Stored items from a collection
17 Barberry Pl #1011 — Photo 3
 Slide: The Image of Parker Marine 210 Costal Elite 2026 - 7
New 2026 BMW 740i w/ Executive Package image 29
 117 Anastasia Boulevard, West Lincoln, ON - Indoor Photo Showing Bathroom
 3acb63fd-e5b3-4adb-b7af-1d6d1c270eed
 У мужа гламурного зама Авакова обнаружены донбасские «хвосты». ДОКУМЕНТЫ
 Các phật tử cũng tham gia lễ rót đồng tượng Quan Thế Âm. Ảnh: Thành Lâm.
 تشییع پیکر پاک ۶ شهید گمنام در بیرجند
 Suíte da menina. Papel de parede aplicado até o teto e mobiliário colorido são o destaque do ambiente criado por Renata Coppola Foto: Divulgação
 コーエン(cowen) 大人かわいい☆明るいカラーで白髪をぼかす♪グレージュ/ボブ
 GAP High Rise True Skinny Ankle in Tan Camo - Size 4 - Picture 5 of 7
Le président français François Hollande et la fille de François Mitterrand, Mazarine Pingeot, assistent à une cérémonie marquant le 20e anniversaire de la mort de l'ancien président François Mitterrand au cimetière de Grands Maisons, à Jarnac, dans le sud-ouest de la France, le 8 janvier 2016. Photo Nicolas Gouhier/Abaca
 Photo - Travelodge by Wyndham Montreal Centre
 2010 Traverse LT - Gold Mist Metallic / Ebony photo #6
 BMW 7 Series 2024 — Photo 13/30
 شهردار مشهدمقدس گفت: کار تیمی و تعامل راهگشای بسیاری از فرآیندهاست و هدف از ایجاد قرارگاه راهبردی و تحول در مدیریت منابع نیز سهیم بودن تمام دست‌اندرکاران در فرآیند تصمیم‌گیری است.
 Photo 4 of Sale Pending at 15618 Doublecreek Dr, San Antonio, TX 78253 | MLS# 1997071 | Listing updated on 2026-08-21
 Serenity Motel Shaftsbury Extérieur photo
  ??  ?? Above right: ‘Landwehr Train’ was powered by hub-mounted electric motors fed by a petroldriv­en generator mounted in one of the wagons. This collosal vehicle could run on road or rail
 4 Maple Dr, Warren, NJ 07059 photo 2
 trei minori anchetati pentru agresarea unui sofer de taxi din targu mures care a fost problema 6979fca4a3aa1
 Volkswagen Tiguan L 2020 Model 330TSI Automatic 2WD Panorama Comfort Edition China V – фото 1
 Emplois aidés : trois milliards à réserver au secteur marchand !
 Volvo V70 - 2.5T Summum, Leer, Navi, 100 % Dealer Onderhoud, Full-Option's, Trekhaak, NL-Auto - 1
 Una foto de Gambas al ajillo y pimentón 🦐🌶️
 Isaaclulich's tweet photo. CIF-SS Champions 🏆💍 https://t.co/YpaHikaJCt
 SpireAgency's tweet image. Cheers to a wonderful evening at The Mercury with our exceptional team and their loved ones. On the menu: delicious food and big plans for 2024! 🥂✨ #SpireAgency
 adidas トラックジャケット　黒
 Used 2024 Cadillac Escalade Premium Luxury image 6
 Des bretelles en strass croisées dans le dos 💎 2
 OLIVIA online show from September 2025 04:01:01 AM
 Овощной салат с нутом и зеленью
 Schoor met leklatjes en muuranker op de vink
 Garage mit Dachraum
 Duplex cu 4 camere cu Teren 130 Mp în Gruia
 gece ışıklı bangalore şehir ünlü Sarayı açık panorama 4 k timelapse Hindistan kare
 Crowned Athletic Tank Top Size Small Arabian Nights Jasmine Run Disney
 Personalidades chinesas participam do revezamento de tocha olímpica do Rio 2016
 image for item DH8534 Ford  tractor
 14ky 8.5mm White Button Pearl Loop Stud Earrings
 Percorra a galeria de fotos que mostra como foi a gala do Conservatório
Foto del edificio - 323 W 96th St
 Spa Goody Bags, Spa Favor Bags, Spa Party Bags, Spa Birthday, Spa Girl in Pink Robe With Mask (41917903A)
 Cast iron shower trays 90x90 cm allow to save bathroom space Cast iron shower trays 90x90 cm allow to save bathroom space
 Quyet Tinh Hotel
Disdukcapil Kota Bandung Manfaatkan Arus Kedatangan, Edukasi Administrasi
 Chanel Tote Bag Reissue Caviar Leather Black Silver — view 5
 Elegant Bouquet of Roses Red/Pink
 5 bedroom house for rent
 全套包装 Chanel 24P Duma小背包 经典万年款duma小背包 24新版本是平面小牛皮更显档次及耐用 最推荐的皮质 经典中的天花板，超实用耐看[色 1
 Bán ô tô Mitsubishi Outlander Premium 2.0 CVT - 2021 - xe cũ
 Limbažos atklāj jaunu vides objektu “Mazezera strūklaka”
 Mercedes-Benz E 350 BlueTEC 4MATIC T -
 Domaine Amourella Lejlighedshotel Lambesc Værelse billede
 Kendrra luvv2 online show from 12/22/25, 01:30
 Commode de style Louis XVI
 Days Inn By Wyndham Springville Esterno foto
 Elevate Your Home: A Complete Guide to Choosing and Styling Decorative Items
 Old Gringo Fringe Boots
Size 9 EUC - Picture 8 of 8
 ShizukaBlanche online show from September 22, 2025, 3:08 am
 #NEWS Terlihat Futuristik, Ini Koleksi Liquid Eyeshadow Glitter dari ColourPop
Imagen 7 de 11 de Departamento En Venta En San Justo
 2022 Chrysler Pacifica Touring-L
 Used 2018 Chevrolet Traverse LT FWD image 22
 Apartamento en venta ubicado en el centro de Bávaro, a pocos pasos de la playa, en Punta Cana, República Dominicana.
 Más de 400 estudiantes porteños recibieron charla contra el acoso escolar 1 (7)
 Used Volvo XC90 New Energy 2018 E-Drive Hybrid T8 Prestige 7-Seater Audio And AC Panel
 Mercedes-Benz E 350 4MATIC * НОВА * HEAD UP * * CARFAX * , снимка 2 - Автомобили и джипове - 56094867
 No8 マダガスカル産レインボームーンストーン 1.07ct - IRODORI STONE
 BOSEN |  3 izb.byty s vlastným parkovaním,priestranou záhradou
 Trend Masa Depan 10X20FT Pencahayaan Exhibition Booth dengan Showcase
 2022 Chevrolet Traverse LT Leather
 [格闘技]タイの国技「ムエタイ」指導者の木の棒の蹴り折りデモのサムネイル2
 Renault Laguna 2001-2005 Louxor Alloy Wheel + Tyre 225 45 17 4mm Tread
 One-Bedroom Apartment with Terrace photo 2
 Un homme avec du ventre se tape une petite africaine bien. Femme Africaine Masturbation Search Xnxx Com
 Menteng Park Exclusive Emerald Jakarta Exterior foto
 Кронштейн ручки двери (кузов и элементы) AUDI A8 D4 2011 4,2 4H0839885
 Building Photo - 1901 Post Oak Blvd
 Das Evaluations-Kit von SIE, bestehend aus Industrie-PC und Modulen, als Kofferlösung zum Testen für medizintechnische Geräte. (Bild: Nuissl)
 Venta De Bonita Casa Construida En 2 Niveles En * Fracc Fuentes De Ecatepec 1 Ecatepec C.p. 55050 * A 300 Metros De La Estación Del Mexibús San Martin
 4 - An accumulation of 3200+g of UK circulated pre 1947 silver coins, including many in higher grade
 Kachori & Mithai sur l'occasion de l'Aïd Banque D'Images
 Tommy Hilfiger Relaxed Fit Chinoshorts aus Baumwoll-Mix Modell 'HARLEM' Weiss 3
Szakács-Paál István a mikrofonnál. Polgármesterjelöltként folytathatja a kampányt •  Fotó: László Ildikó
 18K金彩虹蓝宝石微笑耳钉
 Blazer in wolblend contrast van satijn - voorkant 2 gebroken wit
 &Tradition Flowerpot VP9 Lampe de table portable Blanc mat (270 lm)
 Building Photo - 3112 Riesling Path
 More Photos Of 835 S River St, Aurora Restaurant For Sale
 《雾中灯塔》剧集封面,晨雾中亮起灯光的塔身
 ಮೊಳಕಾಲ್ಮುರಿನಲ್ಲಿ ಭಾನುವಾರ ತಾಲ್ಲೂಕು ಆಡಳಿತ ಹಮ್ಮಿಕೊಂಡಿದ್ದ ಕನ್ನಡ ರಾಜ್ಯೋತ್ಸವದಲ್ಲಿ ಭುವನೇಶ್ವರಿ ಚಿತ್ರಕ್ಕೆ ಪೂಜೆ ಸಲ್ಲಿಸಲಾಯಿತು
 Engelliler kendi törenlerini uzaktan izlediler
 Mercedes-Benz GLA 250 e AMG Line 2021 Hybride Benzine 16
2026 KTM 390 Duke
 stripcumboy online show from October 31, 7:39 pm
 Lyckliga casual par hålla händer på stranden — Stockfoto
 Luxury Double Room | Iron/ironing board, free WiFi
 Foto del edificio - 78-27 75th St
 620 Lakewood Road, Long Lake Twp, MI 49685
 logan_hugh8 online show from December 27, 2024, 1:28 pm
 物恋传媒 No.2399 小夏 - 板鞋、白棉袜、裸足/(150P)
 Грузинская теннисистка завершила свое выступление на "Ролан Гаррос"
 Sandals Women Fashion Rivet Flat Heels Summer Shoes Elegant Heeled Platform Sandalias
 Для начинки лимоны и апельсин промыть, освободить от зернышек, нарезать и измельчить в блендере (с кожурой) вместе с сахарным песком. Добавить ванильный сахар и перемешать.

WORK TASK: All that is needed is the exact run of lines above from the line containing "Photo 4 of Sale" through the line containing "road or rail", both of them included.

RESULT:
 Photo 4 of Sale Pending at 15618 Doublecreek Dr, San Antonio, TX 78253 | MLS# 1997071 | Listing updated on 2026-08-21
 Serenity Motel Shaftsbury Extérieur photo
  ??  ?? Above right: ‘Landwehr Train’ was powered by hub-mounted electric motors fed by a petroldriv­en generator mounted in one of the wagons. This collosal vehicle could run on road or rail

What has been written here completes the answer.